Joseph Mallord William Turner Yarrow Kirk, Selkirkshire 1834

Joseph Mallord William Turner 1775–1851
Folio 34 Recto:
Yarrow Kirk, Selkirkshire 1834
D26160
Turner Bequest CCLXVIII 34
Pencil on white wove paper, 111 x 181 mm
Inscribed in red ink by John Ruskin ‘34’ bottom left descending vertically
Stamped in black ‘CCLXVIII – 34’ bottom left descending vertically
 
Accepted by the nation as part of the Turner Bequest 1856
Gerald Finley has listed this sketchbook page among those used on Turner’s two-day tour to Selkirk, St Mary’s Loch and Innerleithen,1 while David Wallace-Hadrill has tentatively suggested that this may be a sketch of Innerleithen.2 A more likely identification, however, is the village of Yarrow with Yarrow Kirk and Bridge, made by Turner as he travelled along the Yarrow Valley from St Mary’s Loch to Selkirk. The church, which is seen here from the approach to the west, has changed in appearance since the addition of an octagonal apse in 1906, but its size and the topography of the landscape make a good match with Nout Hill on the left and Deuchar Hill on the right. Turner has included a separate sketch of the church’s small bell tower at the bottom of the page.
Besides the attractive setting of the lonely church, Turner may have been aware that it had been frequented by both Sir Walter Scott and James Hogg.

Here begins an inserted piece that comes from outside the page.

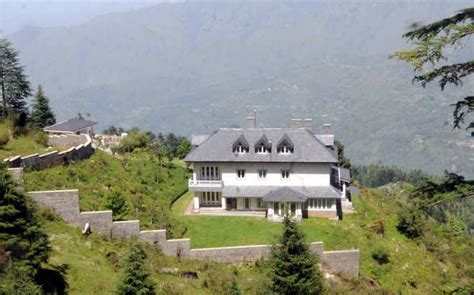 Priyanka Gandhi performs house-warming of her cottage in Shimla - The ...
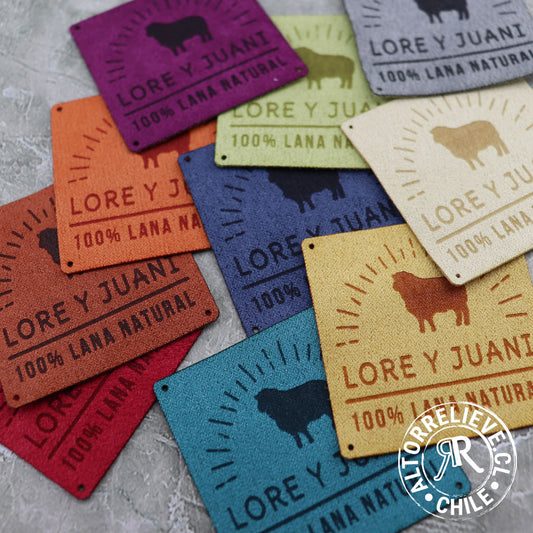 50/100 Etiquetas Gamuzina Cuadrada 5x5cm - Etiquetas Gamuzina - Altorrelieve Diseño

Turner’s two-day excursion around the Scottish Borders on 2 and 3 October 1834 was undertaken to sketch sites associated with Sir Walter Scott. Turner had been commissioned by the late author’s publisher, Robert Cadell, to illustrate new editions of Scott’s Prose Works and the Waverley Novels, as well as J.G. Lockhart’s Life of Scott. Turner seems to have also taken an interest in the area’s association with the poet James Hogg, whose surname is inscribed on two pages of this sketchbook (folios 26 verso and 33; D26145, D26158).

Thomas Ardill
January 2011

1
Finley 1990, pp.182, 258 note 48.
2
David Wallace-Hadrill, ‘1834/ 1831’ (unpublished MS), circa 1991, Tate catalogue files.

How to cite

Thomas Ardill, ‘Yarrow Kirk, Selkirkshire 1834 by Joseph Mallord William Turner’, catalogue entry, January 2011, in David Blayney Brown (ed.), J.M.W. Turner: Sketchbooks, Drawings and Watercolours, Tate Research Publication, December 2012, https://www.tate.org.uk/art/research-publications/jmw-turner/joseph-mallord-william-turner-yarrow-kirk-selkirkshire-r1136088, accessed 20 September 2024.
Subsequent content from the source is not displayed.